2. Yes, because the force exerted by the platform is transferred through your arm to the ball, so you will feel its weight.
3. It would land back on the platform for the same reason that you yourself would land back on the platform after jumping.
 
Drakkith said:
1. Yes, you will. Since the platform is accelerating, it will catch back up to you, which is indistinguishable from jumping into the air and falling back to the ground.
2. Yes, because the force exerted by the platform is transferred through your arm to the ball, so you will feel its weight.
3. It would land back on the platform for the same reason that you yourself would land back on the platform after jumping.

Wait, weren't I be accelerating at the same rate as the platform does after the accelerating platform hits my feet like an elevator?
 
Ryan Bruch said:
Wait, weren't I be accelerating at the same rate as the platform does after the accelerating platform hits my feet like an elevator?

You would be accelerating at the same rate as the platform as long as you were standing on it. When you jump and are above it, you are no longer accelerating, so the platform catches up to you.
 
Ryan Bruch said:
Wait, weren't I be accelerating at the same rate as the platform does after the accelerating platform hits my feet like an elevator?

You won't keep accelerating once you stop touching the platform due to the law of inertia. That is the same reason you'd feel your own and the ball's weight when standing on the accelerating platform.
 
Drakkith said:
When you jump and are above it, you are no longer accelerating, so the platform catches up to you.

Wouldn't I be remaining in motion per Newton's first law, like how I throw
Cruz Martinez said:
You won't keep accelerating once you stop touching the platform due to your body's inertia. That is the same reason you'd feel your own and the ball's weight.

Wait, I am in space. Isn't my situation the same as this: "If I throw a ball upward while on the roof of a moving train, the ball would land right back in my hand instead of landing farther back"?
 
Ryan Bruch said:
Wait, I am in space. Isn't my situation the same as this: "If I throw a ball upward while on the roof of a moving train, the ball would land right back in my hand instead of landing farther back"?

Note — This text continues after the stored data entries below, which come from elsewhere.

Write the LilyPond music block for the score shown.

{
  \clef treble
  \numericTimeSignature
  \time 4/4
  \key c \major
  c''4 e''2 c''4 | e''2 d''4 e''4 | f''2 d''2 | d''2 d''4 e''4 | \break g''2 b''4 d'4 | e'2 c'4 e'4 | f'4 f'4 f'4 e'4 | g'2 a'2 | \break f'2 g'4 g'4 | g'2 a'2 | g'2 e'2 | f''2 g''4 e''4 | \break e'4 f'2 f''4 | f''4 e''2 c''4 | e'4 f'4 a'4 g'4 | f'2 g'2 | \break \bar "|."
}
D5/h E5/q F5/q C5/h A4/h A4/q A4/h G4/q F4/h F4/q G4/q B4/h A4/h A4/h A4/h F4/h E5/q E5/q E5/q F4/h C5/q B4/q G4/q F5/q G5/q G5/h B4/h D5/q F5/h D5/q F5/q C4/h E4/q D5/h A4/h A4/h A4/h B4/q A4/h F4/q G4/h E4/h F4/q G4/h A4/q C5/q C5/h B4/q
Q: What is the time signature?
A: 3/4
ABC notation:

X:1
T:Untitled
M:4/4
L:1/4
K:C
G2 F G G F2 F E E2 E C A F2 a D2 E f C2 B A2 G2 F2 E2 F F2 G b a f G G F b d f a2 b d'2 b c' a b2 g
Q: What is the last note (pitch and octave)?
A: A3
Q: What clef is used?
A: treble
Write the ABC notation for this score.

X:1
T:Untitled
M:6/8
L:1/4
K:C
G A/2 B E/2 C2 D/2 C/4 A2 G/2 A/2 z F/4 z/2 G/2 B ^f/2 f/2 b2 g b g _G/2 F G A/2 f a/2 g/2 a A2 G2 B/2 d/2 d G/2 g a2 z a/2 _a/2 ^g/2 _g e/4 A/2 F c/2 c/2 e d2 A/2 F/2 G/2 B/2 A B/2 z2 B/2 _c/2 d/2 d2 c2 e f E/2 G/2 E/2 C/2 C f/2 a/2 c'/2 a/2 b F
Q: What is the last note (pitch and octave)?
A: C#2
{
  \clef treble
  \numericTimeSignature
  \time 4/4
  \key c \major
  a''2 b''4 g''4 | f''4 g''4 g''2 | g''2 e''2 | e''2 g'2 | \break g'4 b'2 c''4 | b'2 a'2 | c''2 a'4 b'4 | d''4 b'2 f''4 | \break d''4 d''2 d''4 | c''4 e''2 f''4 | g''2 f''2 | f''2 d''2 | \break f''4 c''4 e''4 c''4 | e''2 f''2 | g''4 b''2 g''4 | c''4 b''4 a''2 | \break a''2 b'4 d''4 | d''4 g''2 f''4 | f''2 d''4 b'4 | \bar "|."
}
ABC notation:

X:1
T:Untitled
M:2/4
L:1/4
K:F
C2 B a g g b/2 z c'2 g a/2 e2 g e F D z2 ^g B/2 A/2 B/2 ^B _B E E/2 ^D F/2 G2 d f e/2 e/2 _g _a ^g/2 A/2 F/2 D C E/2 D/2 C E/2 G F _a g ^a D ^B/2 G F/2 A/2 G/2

That also happens due to the law of inertia. The law of inertia says that an object on which no forces act keeps a constant velocity along a straight line, in this case the "conserved" velocity is along the direction of motion of the train since no forces act in that direction.

In the case of the accelerating platform, once you jump up and stop touching the platform, your veocity will be constant i.e. you will stop accelerating.
 
Cruz Martinez said:
That also happens due to the law of inertia. The law of inertia says that an object on which no forces act keeps a constant velocity along a straight line, in this case the "conserved" velocity is along the direction of motion of the train since no forces act in that direction.

In the case of the accelerating platform, once you jump up and stop touching the platform, your veocity will be constant i.e. you will stop accelerating.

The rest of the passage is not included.